• Task to complete
Reproduce without any pictures the lines from the one that contains "Elephant Seals, San Simeon Bay, California" through the end of the records, exactly as written.

• Dataset records
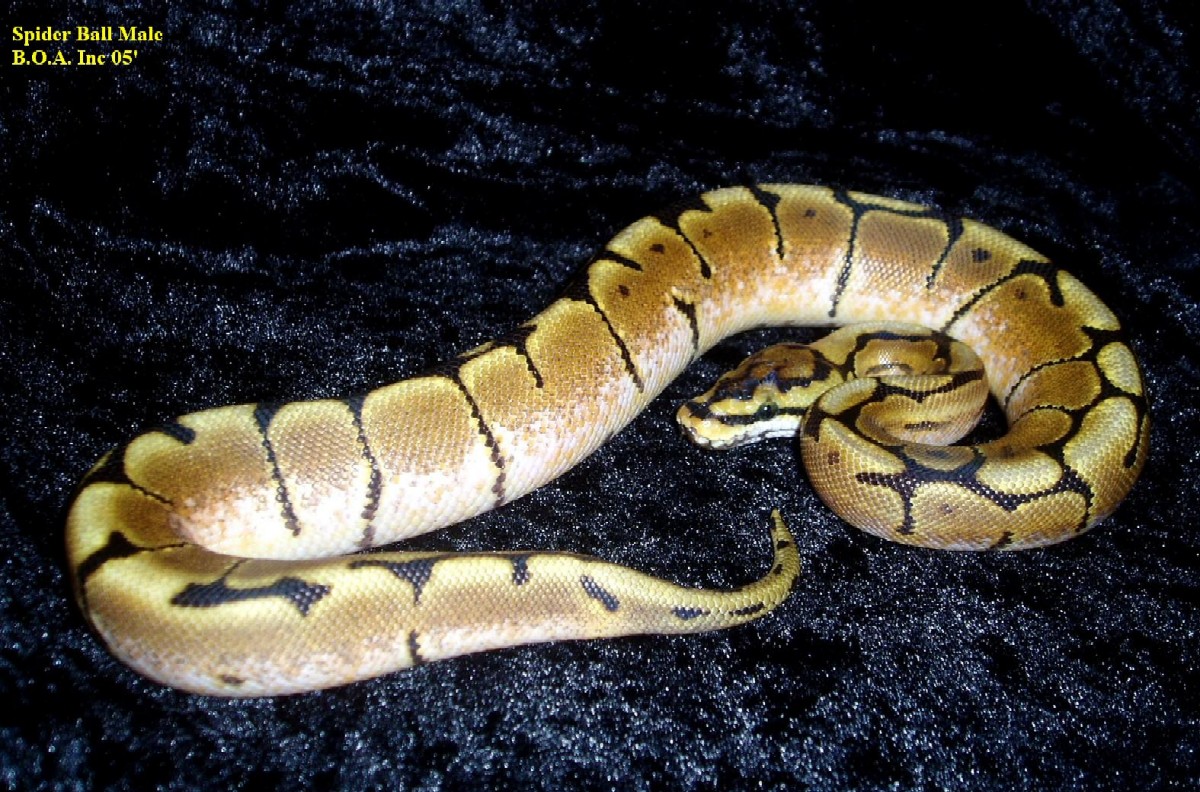 Spider Male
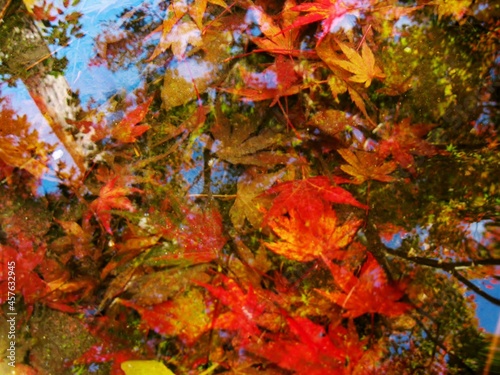 水中に沈む紅葉の落ち葉　日本の秋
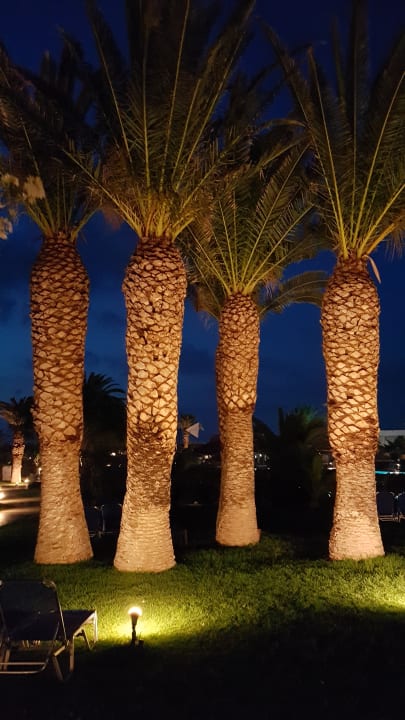 Gartenanlage Anissa Beach & Village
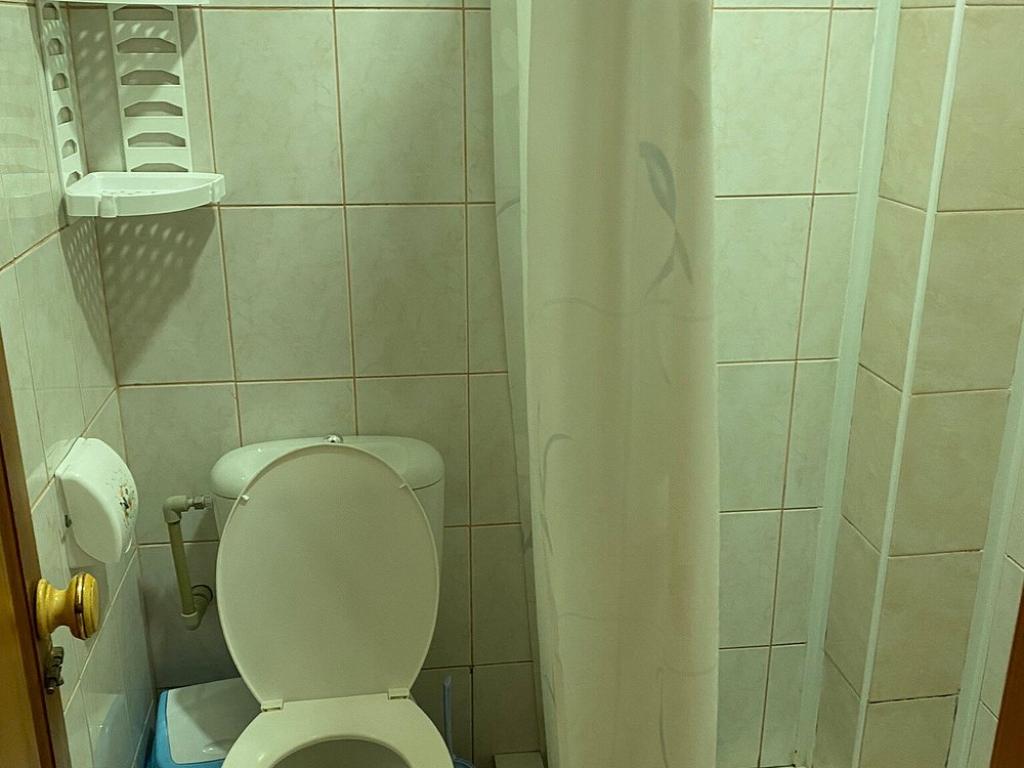Парадайс
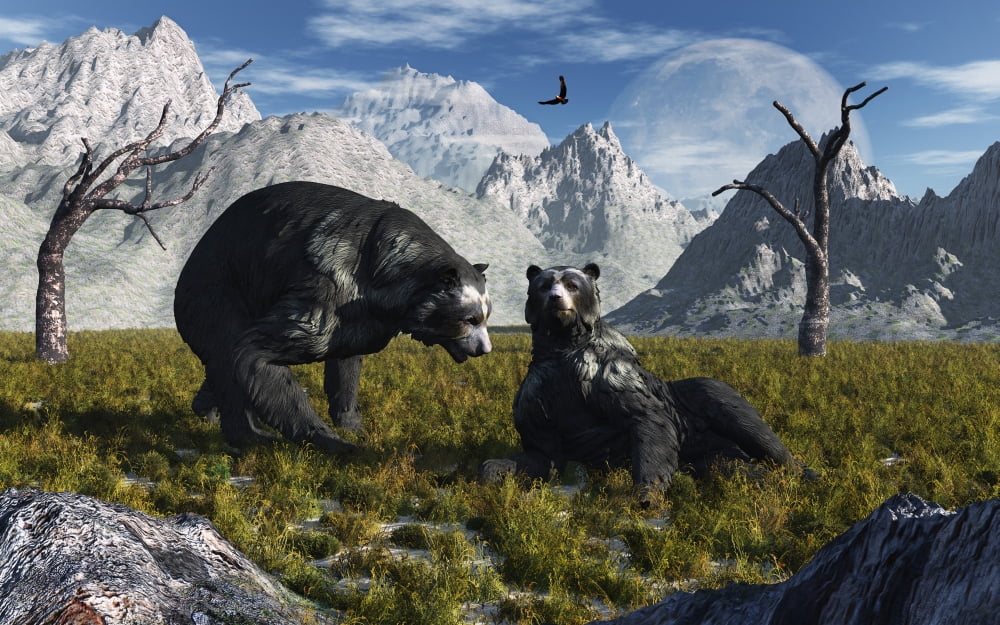 A pair of Arctodus bears courting each other Canvas Art - Mark StevensonStocktrek Images (18 x 12)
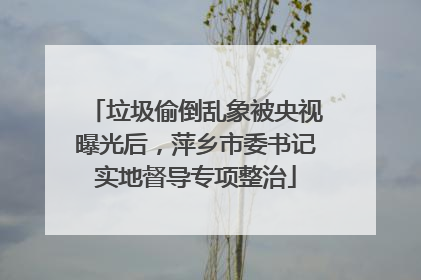 垃圾偷倒乱象被央视曝光后，萍乡市委书记实地督导专项整治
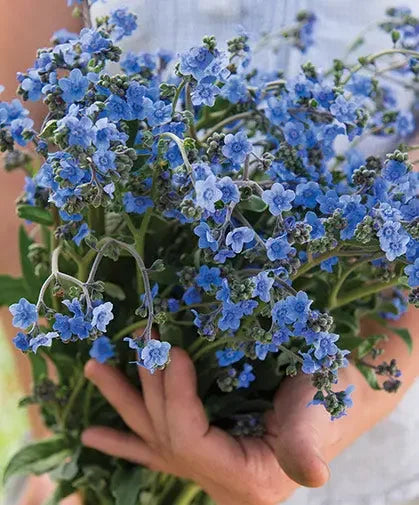 How to Grow Forget-me-not Seeds  Bloom Street Packets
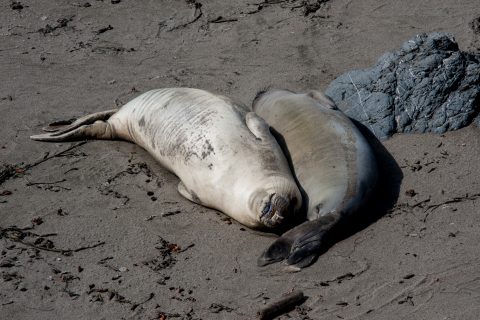 Elephant Seals, San Simeon Bay, California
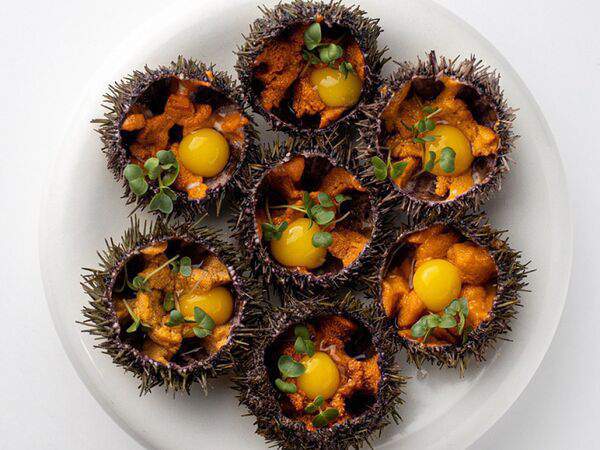 Delicates74 - Сет 7 жизней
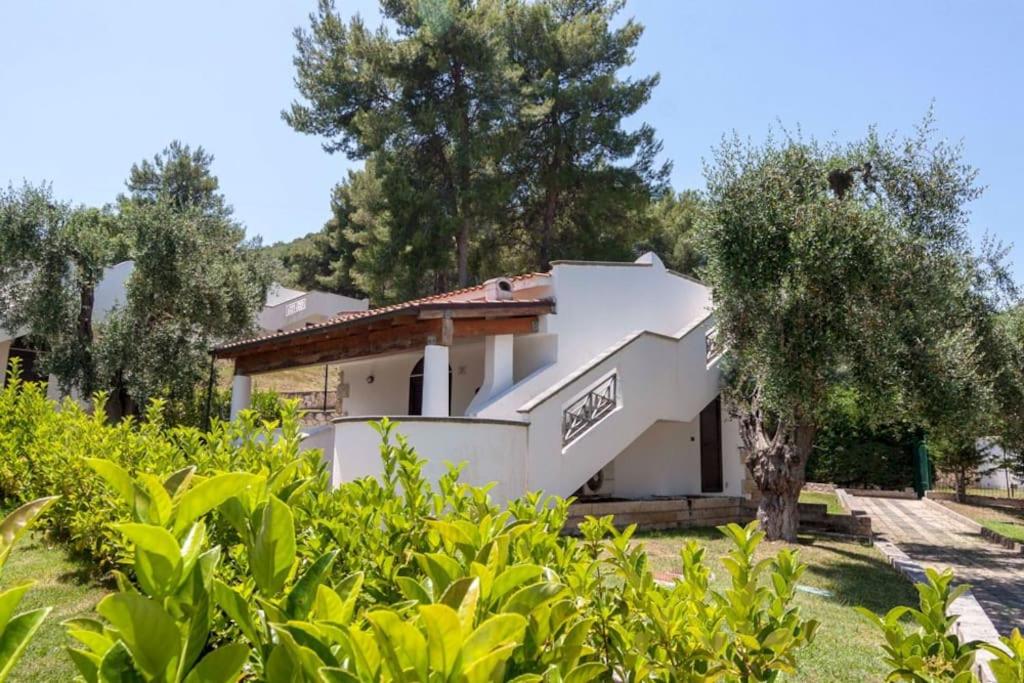villetta pugnochiuso le macine vieste gargano - B&B Vieste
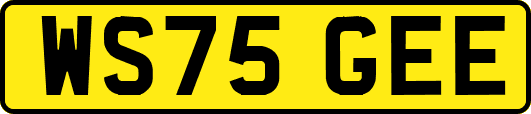 WS75GEE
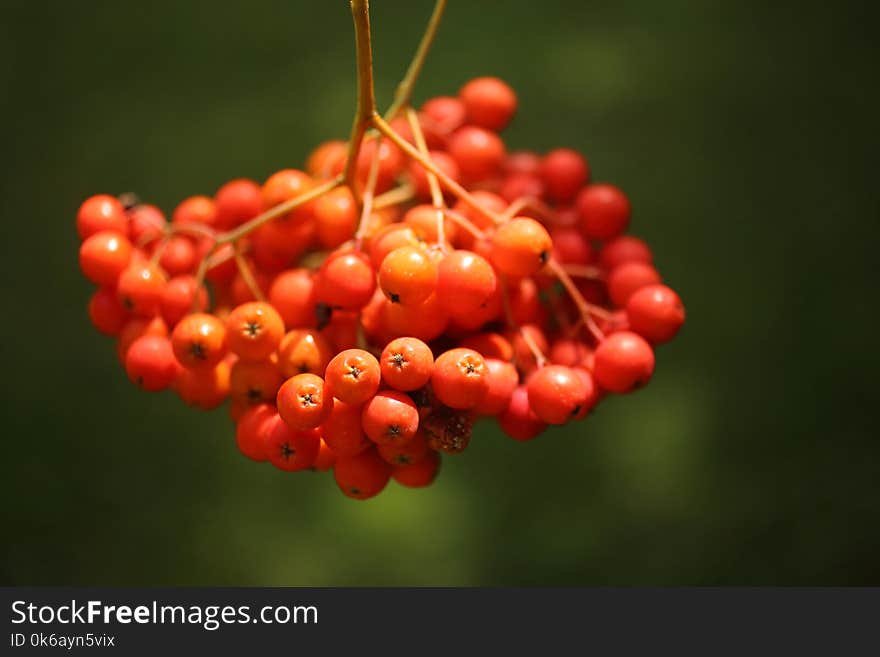 Red rowan berries in the nature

• Response to this task
 Elephant Seals, San Simeon Bay, California
 Delicates74 - Сет 7 жизней
villetta pugnochiuso le macine vieste gargano - B&B Vieste
 WS75GEE
 Red rowan berries in the nature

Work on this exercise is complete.